Natural gas futures also advanced as a 17 percent rally since March 18 prompted some investors to close out short positions, or bets on falling prices, said Carl Neill, an energy analyst at Risk Management Inc. in Chicago.

Large speculators increased their net-short positions in gas futures by 1 percent to 115,187 contracts in the week ended March 17, Commodity Futures Trading Commission data show.

“The general thinking in this market was overwhelmingly how far it will go down and not if it will go down,” Neill said. “Last week’s reversal caught some people short. There were too many people leaning on the short side of the boat.”

U.S. Rigs

Falling prices in the past year prompted some gas producers to limit supply in an attempt to buoy prices. The number of gas rigs operating in the U.S. has dropped 47 percent to 857 from a peak of 1,606 in September, according to Baker Hughes Inc.

“Just as demand for unleaded fuel had dropped and refiners did a stealth cutback, nat gas producers did the same thing” to support prices, said Michael Rose, a director of trading at Angus Jackson Inc., a brokerage in Fort Lauderdale, Florida.

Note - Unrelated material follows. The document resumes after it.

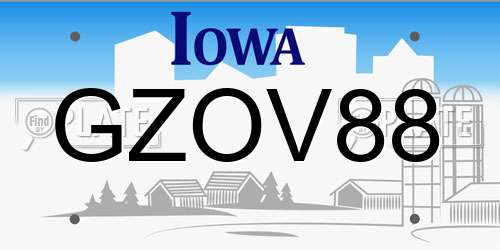GZOV88 Iowa License Plate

Prices will average $6.84 per million Btu in the fourth quarter, according to a Bloomberg survey of 20 analysts. Gas may rise further in 2010 to average $7.50 for the year.

Demand for the fuel has been stifled by factory shutdowns and slowdowns during the recession. Output at factories, mines and utilities in the U.S. dropped 1.4 percent in February after a revised 1.9 percent decline in January, the Federal Reserve said March 16.

Nucor Corp., the largest U.S. steelmaker, revised its first-quarter forecast from a profit to a loss because of lower- than-expected demand. Nucor’s steel mills will run at about 43 percent of capacity in the first quarter, down from 48 percent in the previous period, the company said March 16.

U.S. steel plants operated at 41 percent of capacity in the week ended March 14, down from with 90 percent in the same period a year earlier, the American Iron and Steel Institute said March 16.